Creating a Apache Hive™ Metastore cluster
To learn more about Apache Hive™ Metastore clusters in Yandex MetaData Hub, see Apache Hive™ Metastore clusters.
Getting started
-
To link a service account to a Apache Hive™ Metastore cluster, make sure your Yandex Cloud account has the iam.serviceAccounts.user role or higher.
-
Set up a NAT gateway in the subnet the cluster will connect to. It is needed for the cluster to interact with Yandex Cloud services.
-
Assign the
managed-metastore.integrationProviderrole to the service account. This role enables the cluster to work with Yandex Cloud services, e.g., Yandex Cloud Logging and Yandex Monitoring, under a service account.You can also add more roles. Their combination depends on your specific use case. To view the service roles, see the Apache Hive™ Metastore section, and for all available roles, see this reference.
-
If you want to save cluster logs to a custom log group, create one.
For more information, see Transferring cluster logs.
Creating a cluster
-
In the management console
, select the folder where you want to create a server. -
Select Yandex MetaData Hub.
-
In the left-hand panel, select
Metastore. -
Click Create cluster.
-
Enter a name for the cluster. It must be unique within the folder.
-
Optionally, enter a description for the cluster.
-
Optionally, add Yandex Cloud labels to break resources into logical groups.
-
Specify the service account you created earlier.
-
Select the Apache Hive™ Metastore version.
Available versions: 3.1 and 4.0.
Warning
To integrate the Apache Hive™ Metastore cluster with Yandex Managed Service for Trino and Yandex Managed Service for Apache Spark™, you need version 3.1.
If required, you can upgrade 3.1 to 4.0, but you cannot downgrade 4.0 to 3.1.
-
Under Network settings, select the network and subnet to host the Apache Hive™ Metastore cluster. Specify the security group you configured previously.
-
Under Metastore, select the cluster configuration.
-
Optionally, configure logging settings:
-
Enable Write logs.
-
Select where to write cluster logs to:
- Default log group: Select Folder in the Destination field and specify the folder. Logs will be stored in the selected folder's default log group.

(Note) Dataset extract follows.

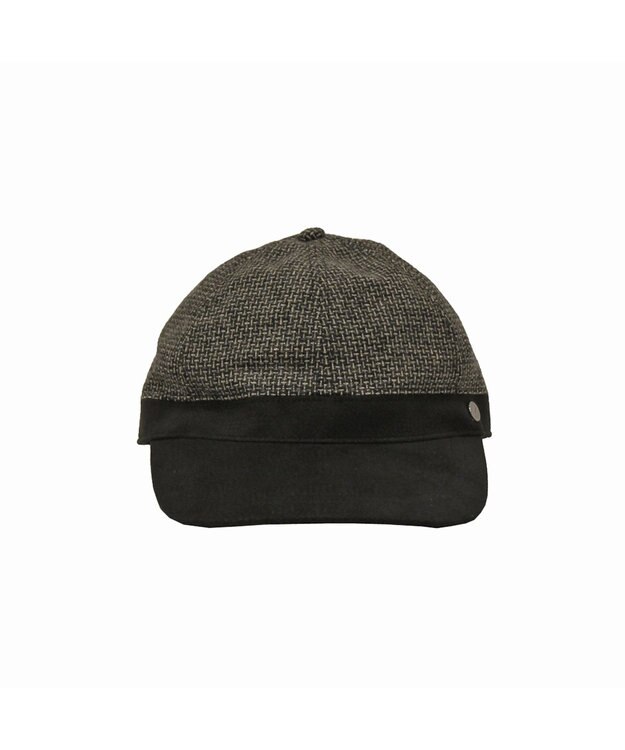 ATRENA 【日本製】GOLDPFEIL(ゴールドファイル) キャップ ブラック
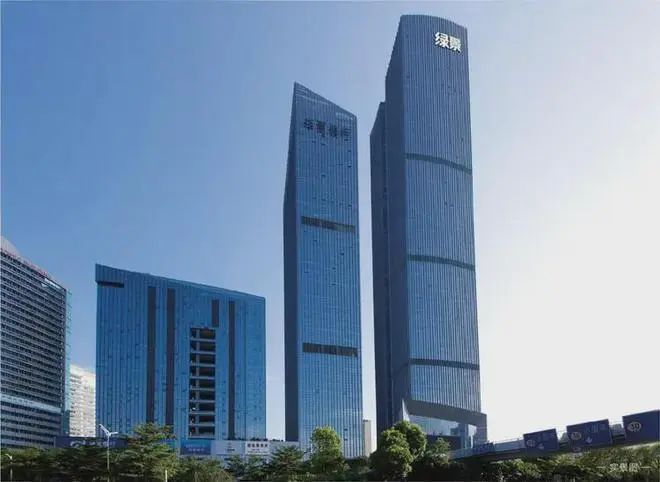聚焦㊣绿景白石洲璟庭售楼处发布：绿景白石洲书写未来(图24)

- Custom log group: Select Log group in the Destination field and specify the log group you created earlier.
-
Select the minimum logging level.
The execution log will contain logs of this level or higher. The available levels are
TRACE,DEBUG,INFO,WARN,ERROR, andFATAL. The default isINFO.
-
-
If required, enable protection of the cluster from accidental deletion by a user.
Even with deletion protection enabled, one can still connect to the cluster manually and delete the data.
-
Click Create.
If you do not have the Yandex Cloud CLI installed yet, install and initialize it.

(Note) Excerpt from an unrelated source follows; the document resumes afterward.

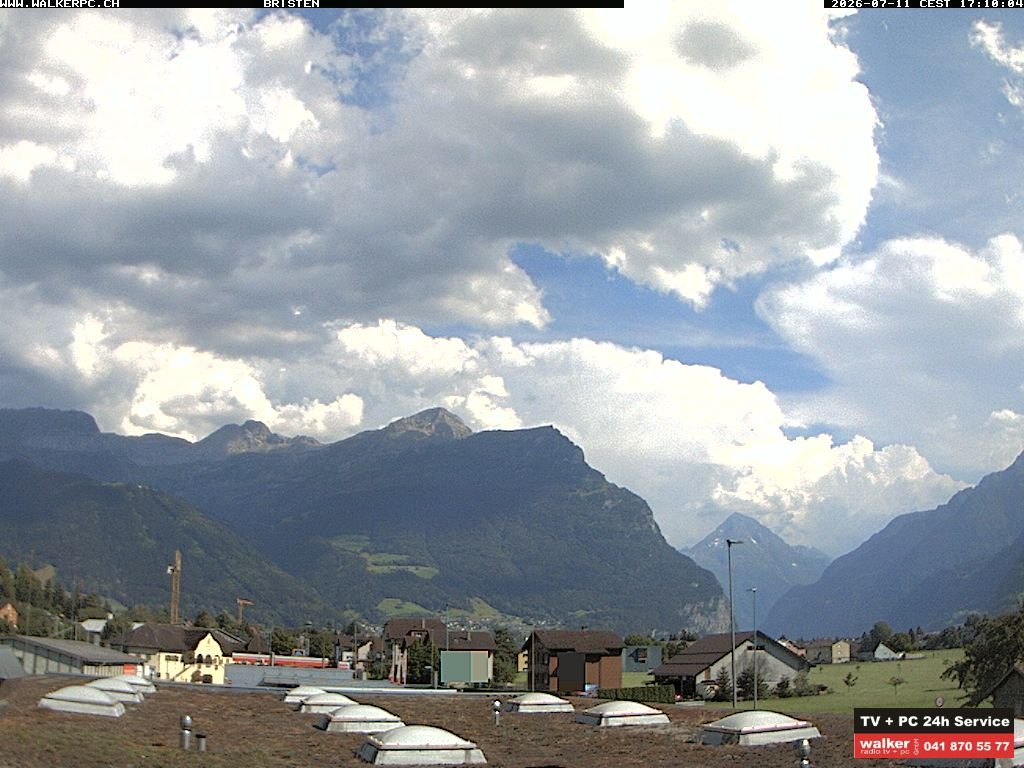 Altdorf: Gitschenen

By default, the CLI uses the folder specified when creating the profile. To change the default folder, use the yc config set folder-id <folder_ID> command. You can also set a different folder for any specific command using the --folder-name or --folder-id parameter.
To create a Apache Hive™ Metastore cluster:
-
See the description of the CLI command for creating a cluster:
yc managed-metastore cluster create --help -
Specify the cluster properties in the creation command:
yc managed-metastore cluster create \ --name <cluster_name> \ --description <cluster_description> \ --labels <label_list> \ --service-account-id <service_account_ID> \ --version <Apache_Hive™_Metastore_version> \ --subnet-ids <subnet_IDs> \ --security-group-ids <security_group_IDs> \ --resource-preset-id <ID_of_computing_resources> \ --maintenance-window type=<maintenance_type>,` `day=<day_of_week>,` `hour=<hour> \ --deletion-protection \ --log-enabled \ --log-folder-id <folder_ID> \ --log-min-level <logging_level>Where:
--name: Cluster name.
-
--description: Cluster description. -
--labels: List of labels. Provide labels in<key>=<value>format. -
--service-account-id: Service account ID. -
--version: Apache Hive™ Metastore version.Available versions: 3.1 and 4.0.
Warning
To integrate the Apache Hive™ Metastore cluster with Yandex Managed Service for Trino and Yandex Managed Service for Apache Spark™, you need version 3.1.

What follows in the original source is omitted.